Acara Kelulusan dibuka dengan pidato-yang-katanya-singkat-tapi-ternyata-sangat-panjang –dan-membosankan oleh Professor McGonnagal. Kemudian acara dilanjutkan dengan pidato lagi, tapi kali ini oleh kedua Ketua Murid Hogwarts, Draco Malfoy dan Hermione Granger.
“Saya bersyukur diberi kesempatan untuk bisa bersekolah di Hogwarts,” buka Draco Malfoy, Ketua Murid Putra.
“Ditempat ini saya banyak belajar banyak hal. Saya juga diberi kesempatan untuk bisa bergabung dalam tim Quidditch asrama saya, Slytherin. Dan saya juga diberi kehormatan dan kepercayaan untuk menjadi prefek dan Ketua Murid,” lanjut Draco.
“Dan yang paling penting, ditempat inilah untuk pertama kalinya saya bisa menemukan teman-teman saya,” Draco melirik ke arah Hermione. “Dan saya juga menemukan orang yang sangat berharga bagi saya.”
Tepuk tangan riuh terdengar setelah Draco selesai berbicara. Kemudian Draco berjalan ke arah Hermione yang tersenyum padanya. Draco mengulurkan tangannya dan menggenggam tangan Hermione erat-erat seolah tidak ingin melepaskannya lagi.
“Baiklah, sekarang kita bisa memulai a—“ Suara McGonnagal tiba-tiba terhenti karena udara yang tiba-tiba menjadi dingin seperti beku. Langit yang semula cerah juga berubah menjadi berawan gelap. Semua yang hadir memandang ke atas dan sekeliling. Suasana ceria yang semula mewarnai tempat itu berubah menjadi waspada.
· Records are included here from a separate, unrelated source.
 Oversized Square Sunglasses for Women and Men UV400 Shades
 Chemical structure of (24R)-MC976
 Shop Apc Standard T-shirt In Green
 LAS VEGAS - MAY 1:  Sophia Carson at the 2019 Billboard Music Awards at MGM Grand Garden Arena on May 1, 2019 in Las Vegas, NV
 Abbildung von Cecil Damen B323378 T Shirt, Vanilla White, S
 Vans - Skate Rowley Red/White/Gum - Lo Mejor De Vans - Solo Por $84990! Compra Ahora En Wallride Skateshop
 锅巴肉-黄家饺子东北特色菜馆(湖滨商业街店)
Para professor dan orangtua murid—yang penyihir tentunya—segera mengeluarkan tongkat mereka untuk berjaga-jaga. Begitu pula dengan kedua Ketua Murid yang masih berada di atas podium. Kedua Ketua Murid itu saling memunggungi dengan tongkat di tangan masing-masing dan memasang gestur saling melindungi.
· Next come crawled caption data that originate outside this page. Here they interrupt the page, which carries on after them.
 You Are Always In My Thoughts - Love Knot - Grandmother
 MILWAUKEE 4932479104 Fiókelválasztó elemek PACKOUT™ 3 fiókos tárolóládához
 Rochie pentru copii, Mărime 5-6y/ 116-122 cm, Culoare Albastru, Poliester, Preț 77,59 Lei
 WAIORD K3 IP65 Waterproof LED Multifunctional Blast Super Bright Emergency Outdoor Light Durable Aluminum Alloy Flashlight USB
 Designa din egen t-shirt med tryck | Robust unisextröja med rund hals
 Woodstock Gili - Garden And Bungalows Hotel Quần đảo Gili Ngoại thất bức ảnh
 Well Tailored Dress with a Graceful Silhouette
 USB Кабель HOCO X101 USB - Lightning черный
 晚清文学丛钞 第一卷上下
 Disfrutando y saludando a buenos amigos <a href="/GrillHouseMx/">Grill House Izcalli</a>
“Hermione?” Panggil Draco pelan. Napasnya terlihat jelas karena udara yang tiba-tiba menjadi dingin.
“Ya?”
“Kau merasakannya? Kau tahu apa artinya ini?” Tanya Draco. Dia semakin mendekatkan dirinya pada Hermione. Dia tidak mau hal buruk terjadi pada gadis yang sangat dicintainya itu dan dia harus melindunginya, walaupun harus dibayar dengan nyawanya.
“Dementor,” desah Hermione.
Para professor juga sepertinya sudah menyadari bahwa hawa dingin yang tiba-tiba muncul ini adalah akibat kehadiran dementor. Bagaimana mereka bisa masuk ke tempat itu, tidak ada yang tahu.
Dari kerumunan murid-murid kelas tujuh, Harry Potter, Ronald Weasley, Ginny Weasley, Neville Longbottom dan banyak lagi murid-murid yang ikut dalam perang Hogwarts sudah bersiap dengan tongkat masing-masing. Cahaya-cahaya patronus dengan cepat memenuhi tempat itu dan membentuk perlindungan yang mengelilingi wilayah Hogwarts.
BLAARR!!!
Suara ledakan terdengar sangat keras. Orang-orang semakin panik. Para orangtua murid berteriak-teriak memanggil anak mereka, memastikan anak masing-masing selamat.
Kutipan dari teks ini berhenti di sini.